È iniziato intorno alle 16 di venerdì 22 nel carcere milanese San Vittore l’interrogatorio di Ousseynou Sy.

Ousseynou Sy, il 47enne che ha dirottato e incendiato il bus con a bordo 51 bambini e tre adulti a bordo e potrebbe colpire ancora e fare altre azioni simili. Per questo i pm milanesi nella richiesta di custodia in carcere hanno indicato il pericolo di reiterazione del reato di strage come esigenza cautelare. Per gli inquirenti fu lui ad appiccare il fuoco al pullman, mentre Sy sostiene che le fiamme divamparono accidentalmente.

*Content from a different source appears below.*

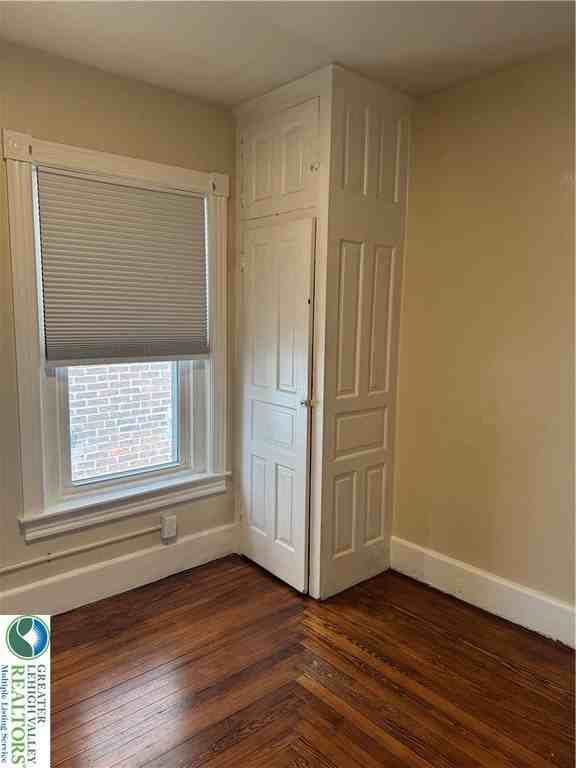 716 W Washington St #2 - Photo 4 of 16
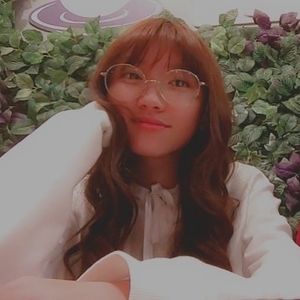 Meet your Posher, Christine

L’uomo è interrogato dal Gip Tommaso Perna alla presenza di Alberto Nobili, capo del pool dell’antiterrorismo milanese, e del pm Luca Poniz. Il giudice, dopo l’interrogatorio dovrà decidere sulla richiesta di convalida dell’arresto e di custodia cautelare in carcere per l’uomo difeso dal legale Davide Lacchini. I pm hanno chiesto il carcere per strage, sequestro di persone, resistenza e incendio e secondo gli inquirenti, il 47enne potrebbe compiere ancora azioni simili anche perché “non ha mostrato finora alcun segno di pentimento“. Da cui l’esigenza cautelare del carcere.

Un gesto “clamoroso di impatto internazionale”

E’ emerso inoltre che il 47enne voleva fare “un’azione dimostrativa e avere un massimo impatto internazionale“. Lo ha reso noto il suo legale, Davide Lacchini, spiegando che l’uomo, durante l’interrogatorio in carcere, ha mostrato davanti al gip “evidenti segni di squilibrio” facendo anche alcune “invocazioni”. Sy ha detto poi di aver agito dopo aver sentito “voci dei bambini che stavano morendo nel Mediterraneo” che gli avrebbero chiesto di fare “qualcosa di clamoroso affinché questo non accada più”.

L’uomo ha anzi rivendicato il suo “gesto eclatante” come “segnale per l’Africa” e “contro le politiche sui migranti” portate avanti da Italia e Ue. Gli inquirenti sono convinti, inoltre, che l’uomo, che aveva già cosparso il bus col gasolio nelle fasi del dirottamento, abbia appiccato il fuoco prima che i carabinieri riuscissero a bloccarlo e mentre i primi bambini riuscivano a mettersi in salvo. Un elemento di conferma è la mano ustionata di Sy.

Secondo il gip di Milano Tommaso Perna non ci sarebbero segni di squilibrio, come ha invece riferito il suo difensore. A chi gli ha chiesto se l’uomo era tranquillo, il giudice ha risposto “più o meno”. La difesa, ovviamente, punta sulla perizia psichiatrica.

Bus dirottato, dal Viminale stretta sulle patenti per pullman

Intanto dal Viminale arriva una stretta sulle patenti per pullman. Maggiori controlli e raccordo operativo con le motorizzazioni civili per una maggiore sicurezza. È quanto emerge dalla la circolare inviata questa mattina a tutti i prefetti dal capo di gabinetto del ministro dell’Interno, Matteo Piantedosi.

Nel documento si richiama alla puntuale applicazione della normativa vigente per il rilascio e il rinnovo delle licenze a coloro che guidano veicoli per il trasporto di persone. Si richiede inoltre l’intensificazione dei controlli da parte delle Forze di Polizia.